We went to a discoteca and danced for a bit, which was a total blast, but which is nearly impossible to elaborate on. So, yeah . . . we went to a discoteca, and it was a total blast!
Finally, we went to see the bulls. Only this time, we were prepared in advance. We waited in line at 6:00 AM to purchase entry into la Plaza de Toros, so while we wouldn’t get to see them running in real life, we would watch on a giant screen and get to see the really fun part: the bulls in the ring!
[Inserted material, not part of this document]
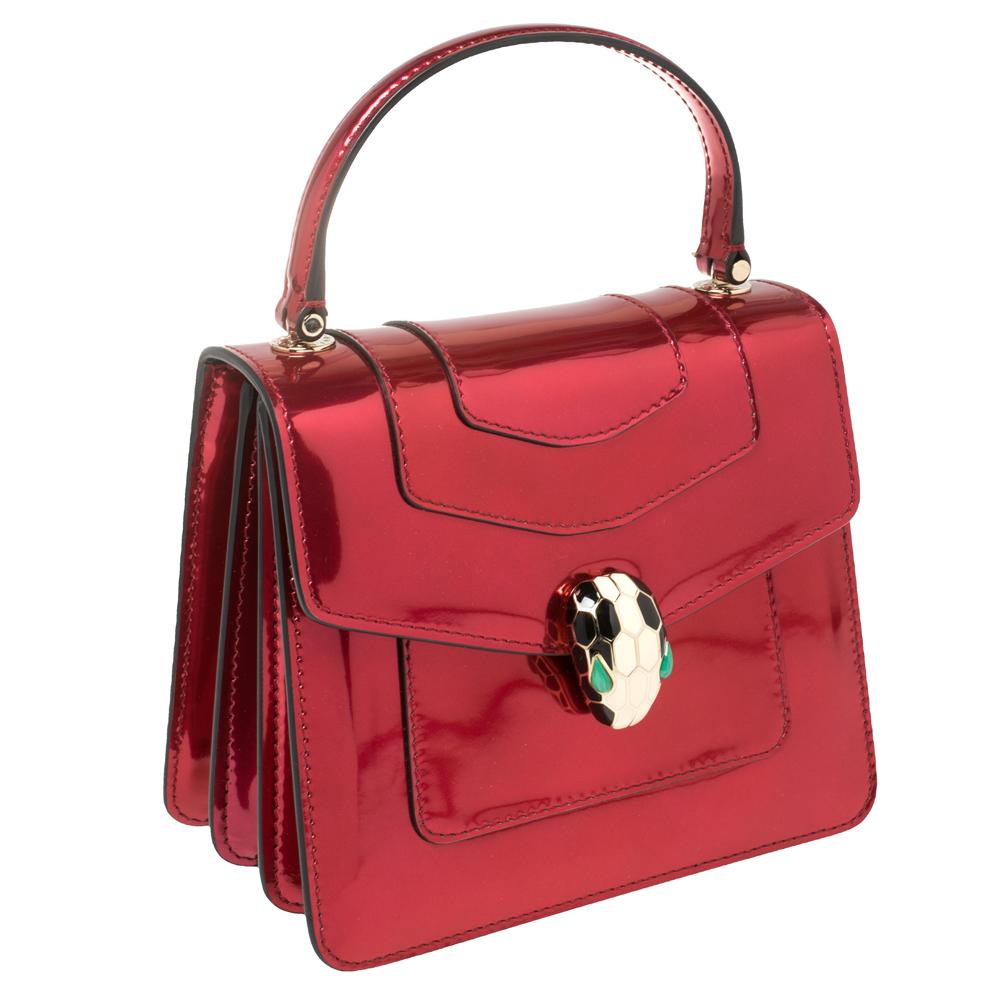 Bvlgari Rote Metallic Leder Serpenti Forever Klappe Top Handle Tasche im Zustand „Gut“ in Dubai, Al Qouz 2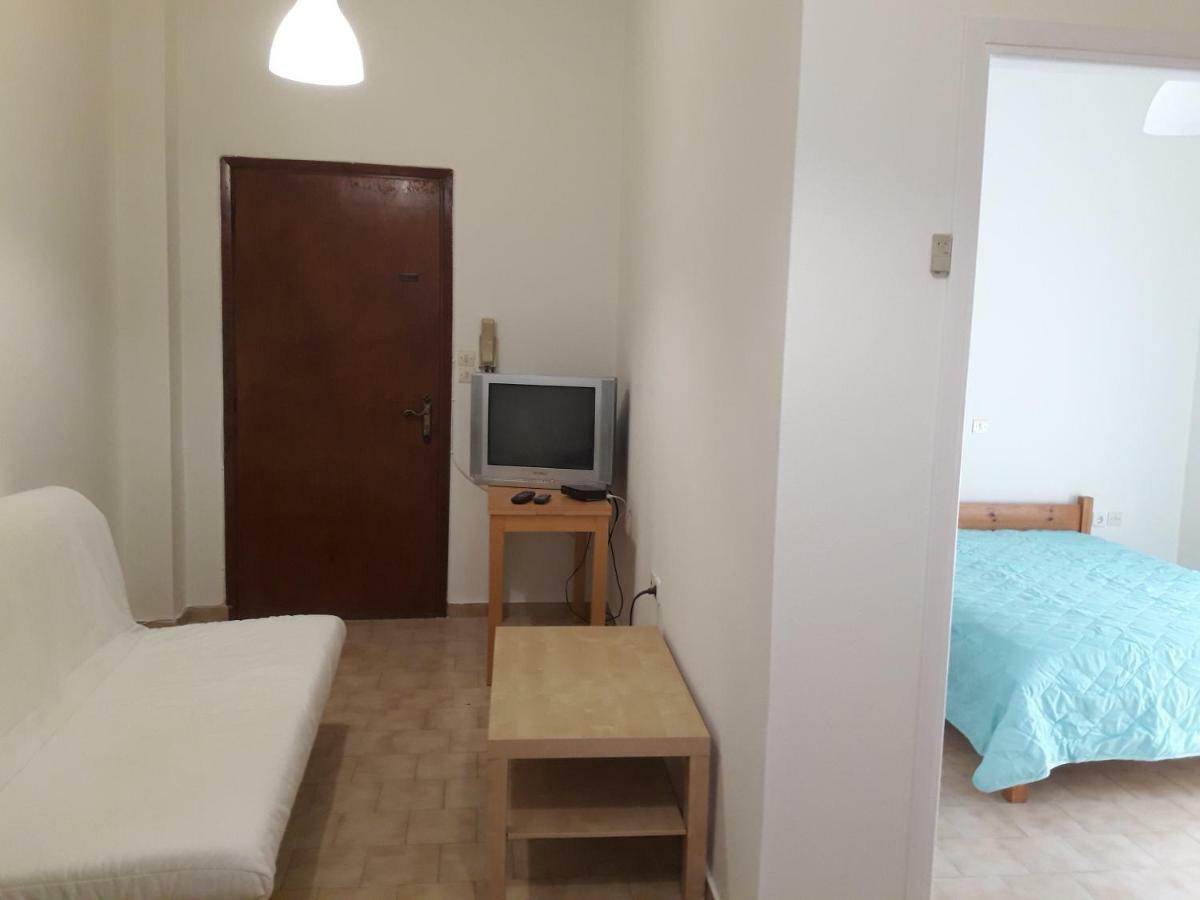 Apt 30M From Beach Amarynthos Esterno foto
I mentioned that they don’t kill them, and at this event, they don’t do the matador show where they stick enormous pins in the bulls, either. However, they showed us a couple of videos of the previous day’s bull-pinning activities, and it really made me uncomfortable. I was glad we weren’t going to see that part, but it didn’t escape me that participating in an event where bulls are goaded into running through a city of screaming people into a ring of jackasses was just as bad. That being said, it was always exciting when one of the bulls turned on some hipster with orange, lenses-popped-out Raybans and a cigarette – it sort of made you go like, “Okay, Nature! Do your thing!” It was also really funny when they brought out the baby bulls with their horns taped up, because it gave the aforementioned jackasses a lot more courage, which invited them to do a lot more stupid stuff. And those baby bulls messed them up! One that was filled with a particularly acute rage actually lifted guys into the air on several occasions, and in others, used his horns to trap people on the ground and proceeded to beat them with his hooves. It wasn’t fatal to anybody; he was just a calf with a Napoleon complex that he was actually able to entertain for the first time in his little life.
Pamplona was totally worth it, even though at the beginning I thought I had made a huge mistake by coming to such a high-intensity event with a cold. In the end, I persevered, though not without infecting half the group and likely instigating a widespread epidemic in Europe (I promised myself I wouldn’t make any tongue-in-cheek history jokes, but by saying I wouldn’t, I have just done exactly that).